En este guión, las situaciones se simplifican todo lo posible hasta dejar una parodia de las mismas, tanto, que la parodia llega a ser cliché, evidenciado hasta la saciedad. Las auxiliares de vuelo sirven en la clase turista y los auxiliares –todos gays– en la ejecutiva. La clase turista es borrada de la trama para concentrarse en los “gordos” y massmediáticos líos políticos, familiares y judiciales de los pasajeros de la clase ejecutiva. Una mezcla de licor y mezcalina distensiona los ánimos de los pasajeros, después de saber que los amenaza un estruendoso accidente. Nada más normal que la próxima víctima de un asesino seduzca a su verdugo, que una virgen encuentre al amante que calme su libido exaltada, que unos recién casados celebren su luna de miel y que dos de los auxiliares de vuelo realicen ante los espectadores el sueño-cliché de muchos de quienes pertenecen a la población gay –y perdón por mi propio cliché–: ser amantes de los pilotos del avión.

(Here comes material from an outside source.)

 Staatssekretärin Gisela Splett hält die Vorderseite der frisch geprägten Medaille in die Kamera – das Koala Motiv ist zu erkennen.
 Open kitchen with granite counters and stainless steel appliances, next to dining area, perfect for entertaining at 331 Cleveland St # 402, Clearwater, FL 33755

La cinematografía Almodóvar se ha convertido en una marca publicitaria –lo mismo que “sus” actores y por eso Cruz y Banderas están allí– y sería tonto que no se aprovechara: las marcas de ropa, de los accesorios, las marcas de celulares, de carros y de bicicletas aparecen acompañando las vidas de los personajes y extendiendo un modelo de consumo que también ya es un cliché.

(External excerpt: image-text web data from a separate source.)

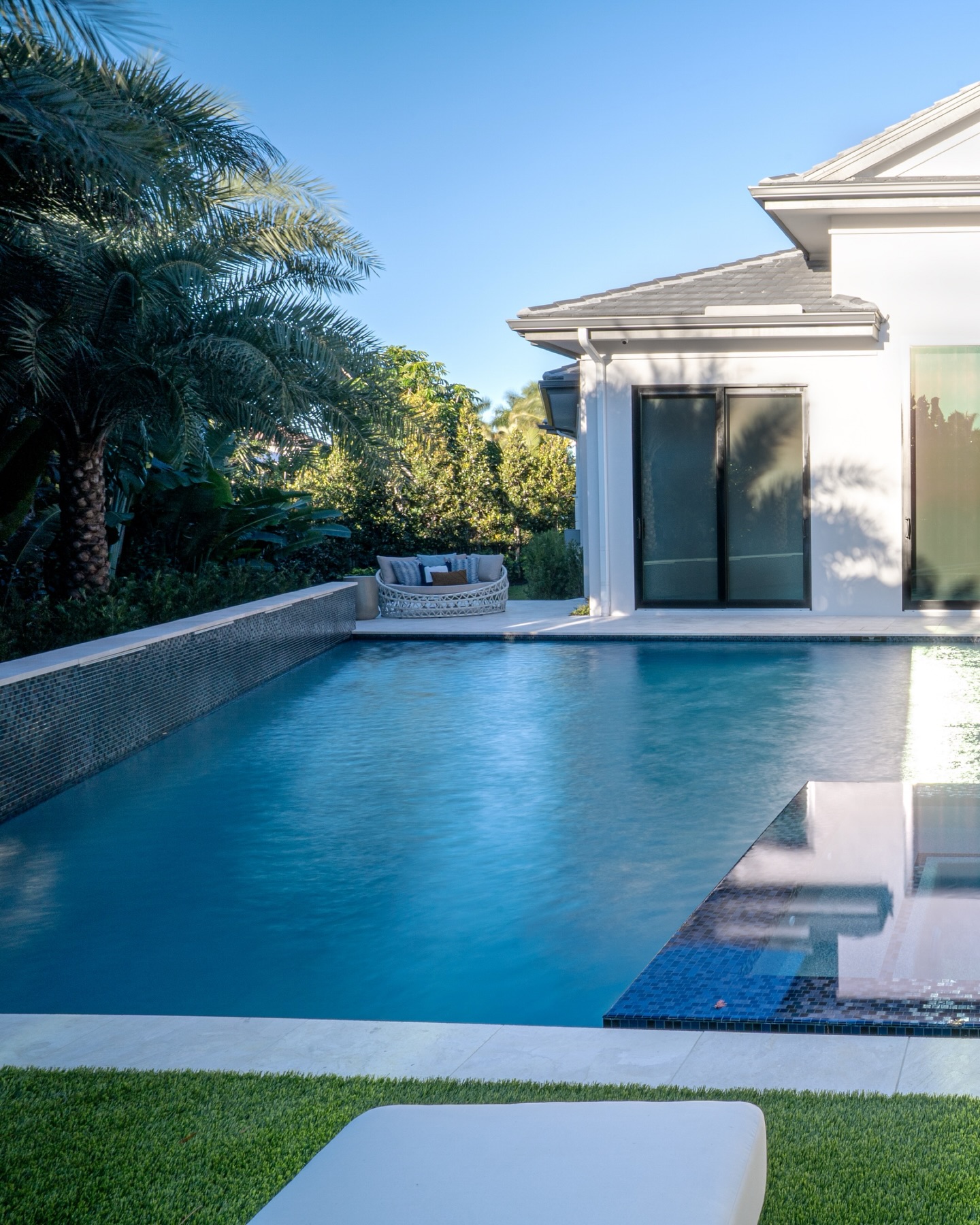 A study in levels and stillness.
A deck-level spa mirrors the architecture, while the sun shelf floats just below, lined with loungers and softened by rhythmic bubblers. Turf underfoot adds a clean, coastal contrast to the stone.
#NaplesLuxuryHomes #OutdoorLivingDesign #LuxuryPoolDesign #CoastalModern #FloridaDesign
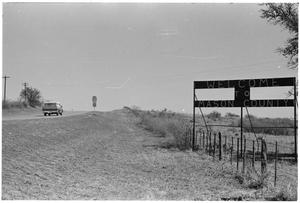 Primary view of object titled '[Roadsign for Mason County, Texas]'.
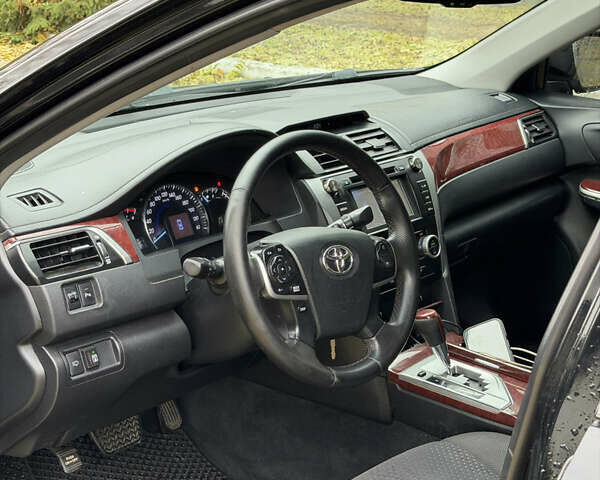 Черный Тойота Камри, объемом двигателя 2.36 л и пробегом 231 тыс. км за 9900 $, фото 10 на Automoto.ua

Es una comedia sin ningún tinte dramático o, mejor, con uno tan simple, que está allí apenas para que la historia tenga alguna excusa para seguir hacia algún lado, hacia adelante. Es una comedia y todo terminará bien. Almodóvar seguirá haciéndonos reír, ojalá con menos de estos divertimentos y más con sus sagas dramáticas sin ningún atisbo moralizante.


Sofía y el terco:

Lo justo, apenas lo necesario, la exacta medida de lo que se debe mostrar y cómo se debe mostrar, de lo que se debe decir y no. Esta es la principal característica de la primera película de Andrés Burgos. Con un guión acertado, una fotografía, composición y actuaciones impecables –y no sólo porque esté en ella Carmen Maura, pero, claro, también por eso–, Burgos cuenta una de esas historias que suelen catalogarse como “simples”. La aparente sencillez de la trama y la sutileza con la que es narrada, le permiten al director contar una historia con la que el espectador –llámese común o intelectualoide– se identifica, porque todos sus referentes le son familiares, tanto para aquel que vive o ha vivido en un pueblo como para el más citadino, tanto para el joven como para adulto y el más mayor.

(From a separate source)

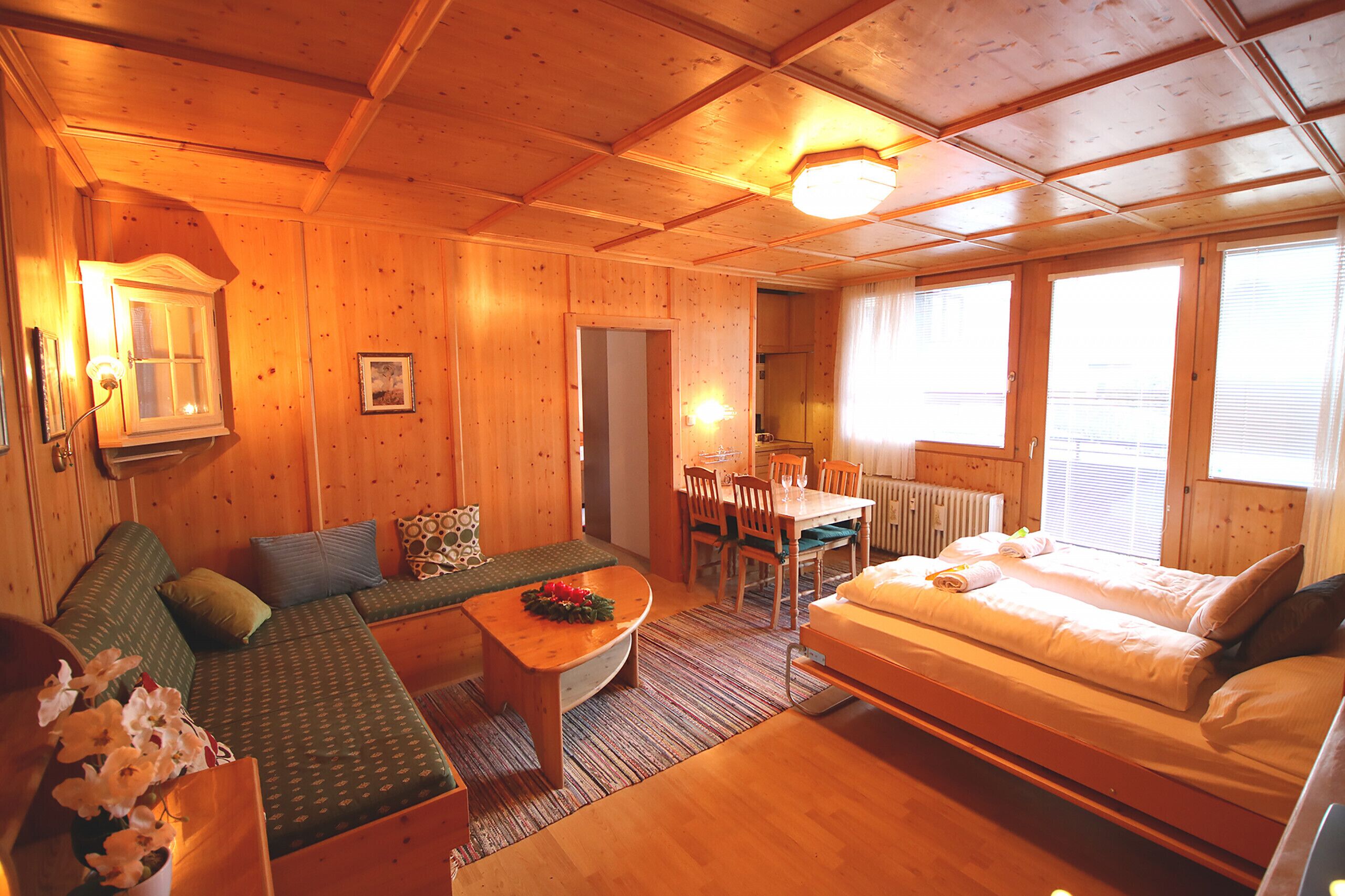 A cozy cabin interior with a sofa, a dining table, and a bed.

Sofía no conoce el mar y ha esperado mucho tiempo para hacer ese viaje tan soñado con su marido, pero, como en la mayoría de las ocasiones, debemos emprender un acto de valentía para hacer realidad los planes en los que creemos y Sofía empieza su viaje sola.

Un cartel en las paredes del pueblo señala la falta de alternativas con la que se encuentran los jóvenes en la mayoría de los pueblos del mundo; los últimos golpes de una paliza asestada contra un muchacho al que le gusta fumar marihuana de vez en cuando, señalan las leyes impuestas por ciertos grupos cuando el Estado no se hace presente; la rutina de las noticias y la telenovela en el televisor de todas las noches, señala el ruido de fondo que generación tras generación hemos escuchado.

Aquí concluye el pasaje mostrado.